« Battre Nadal sur terre battue, c’est le défi ultime du tennis »
Par Mathieu Canac
À coups d’arguments percutants qu’ils s’envoient sur la caboche en cherchant le K.O. oratoire, bons nombres d’amateurs de tennis se castagnent quant à l’identité du G.O.A.T. Si le débat reste sans fin, celui en rapport avec le meilleur joueur de tous les temps sur terre battue laisse moins de place à l’incertitude. Pour la grande majorité, Rafael Nadal a mis la concurrence au tapis. Grâce à des aptitudes ayant fait de lui ce qui se rapproche le plus – sans l’atteindre, évidemment – de l’invincibilité sur une surface.

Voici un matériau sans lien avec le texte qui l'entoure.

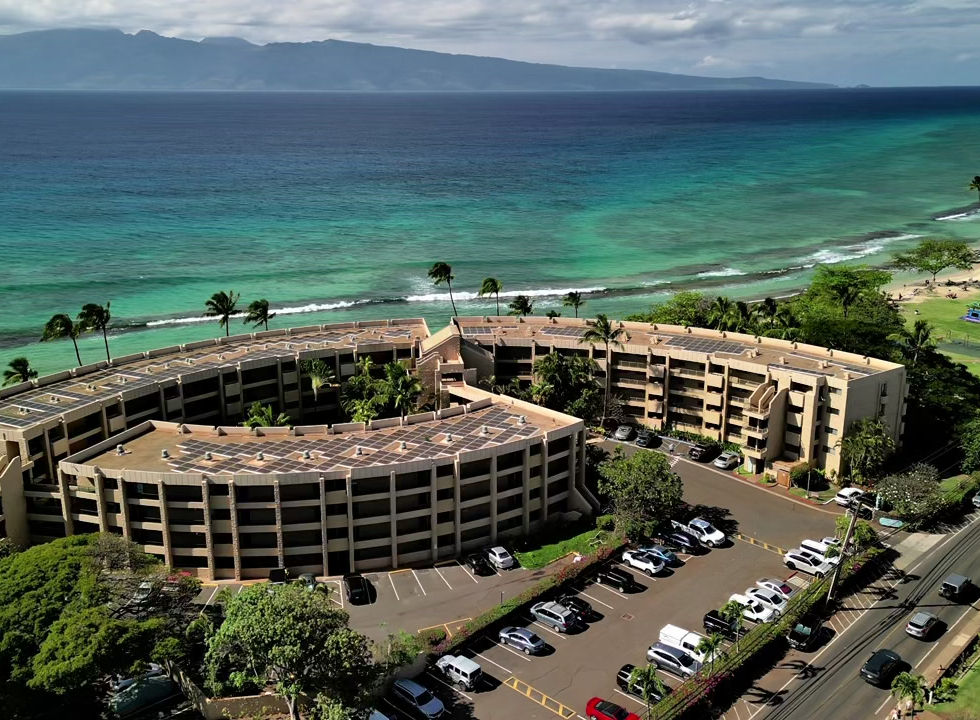 Aerial view of Paki Maui beachfront resort complex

Vaincre le lion de Némée et son cuir impénétrable, terrasser l’hydre de Lerne et ses têtes repoussant au double ou encore capturer Cerbère, le gigantesque chien-monstre polycéphale gardant l’entrée des Enfers. Pour ses douze travaux imposés, Hercule a dû accomplir des tâches inhumaines ; une chance qu’il soit né demi-dieu. Un peu comme si on avait demandé à Nick Kyrgios de contenir son tempérament volcanique pour l’empêcher d’entrer en éruption après une erreur arbitrale, ou de louer le tennis de Casper Ruud. Si le héros grec passait du mythe à la réalité pour vivre à notre époque, on pourrait s’amuser à lui trouver un pensum à la hauteur de sa légende. Tenter de rivaliser avec le sens du trick shot et du spectacle de Kyrgios, par exemple. Plus ardu encore : devoir battre Rafael Nadal sur terre battue, a fortiori en trois manches gagnantes.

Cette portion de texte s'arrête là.